Automakers continue to face legal claims tied to airbags produced by Japan’s Takata Corp. Its series of airbag recalls led to the company filing for bankruptcy in 2017 and spurred lawsuits by consumers and accident victims. The airbags can malfunction and send shards of metal at drivers and passengers.
“This is apparently the first rupture case confirmed against Mercedes,” said Andrew Felix, attorney for the plaintiffs. “Mercedes for years has told consumers that this would not be a problem because their airbags would not rupture.”
Daimler believes the lawsuit is without merit and intends to “vigorously” defend against it, the automaker said in an emailed statement. It has been one of the least-affected companies by the Takata saga. Of the roughly 1.26 million recalled Takata airbags in Mercedes-Benz cars, about 60% have been fixed, according to figures from U.S. regulators.
At least 24 deaths and 240 injuries have been linked to defective Takata airbags, the plaintiffs said in the complaint. The incidents date back to at least 2003 and involve vehicles made by Acura, BMW, Chevrolet, Honda, Mazda, Subaru, and Toyota, the plaintiffs said.
Daimler “knew about the Takata airbag inflator’s defectively dangerous condition for several years prior to the incident that forms the basis of this lawsuit,” the plaintiffs allege.
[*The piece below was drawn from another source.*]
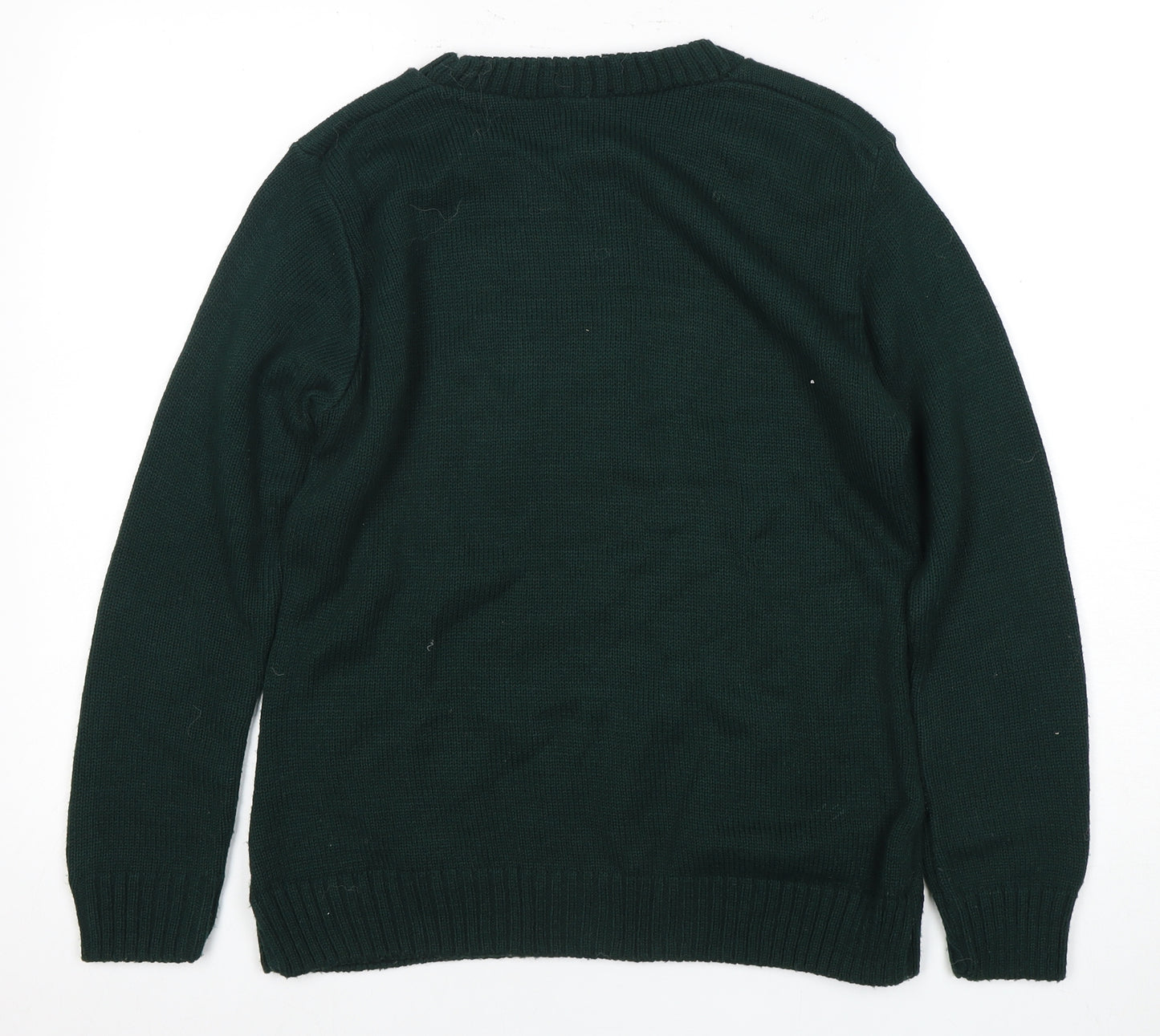Boohoo Men's Green Christmas Pullover Jumper S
Felix said his 25 year-old client, Alimanovic, was in the passenger seat and suffered a brain injury and lost an eye due to the airbag rupture. “She’s mentally and physically scarred,” Felix said. “This whole defect was preventable.”
In February 2016, Daimler announced a recall of about 705,000 Mercedes cars and about 136,000 Daimler vans in the U.S. due to issues with Takata airbags.